WCNC spent months looking at the hard life of the city's prostitutes and their struggle to get off drugs.
Here, cracking down on prostitution is a citywide effort, thanks to a rehab program that's unlike most in the country.
WCNC was there as more than two dozen women were locked up in the middle of a Saturday afternoon.
“It’s someone’s mom, daughter, best friend, a sister,” said Charlotte Mecklenburg Police Officer Ken Faulkner. “These women range in ages from teens to their 50s. We’ve seen it all.”
You may see addicts just hurting themselves, but officers say look closer.
“The prostitutes, the drugs -- that brings drug dealers, which brings other types of crimes, violent crimes, drug crimes everything in between,” he said.
Neighborhoods are caught in the middle.

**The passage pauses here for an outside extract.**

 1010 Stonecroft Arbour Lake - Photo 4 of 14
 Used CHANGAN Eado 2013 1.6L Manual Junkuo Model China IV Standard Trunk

WCNC cameras caught the pictures first-hand when we went on the streets with CMPD after dark. It didn’t take us long to see prostitutes looking for a trick.
“This is the way I choose to live. I feel stuck,” said one woman who goes by Peanut. She’s a mother of three who told us her crack habit keeps her on the street.
“I know I’m powerless over this drug,” she said.
Also feeding her habit are the johns that pick her up. Peanut told us she’s picked up by all types of men, even business executives.
“He may want to give you a hundred dollars,” she said.
With the arrests, often come drug charges.
“It’s pretty rampant,” said Rachelle Castro with the McLeod Center. She is one of several counselors who join CMPD on their prostitution stings. They push rehab on those arrested, trying to convince the girls to get clean and get off the streets.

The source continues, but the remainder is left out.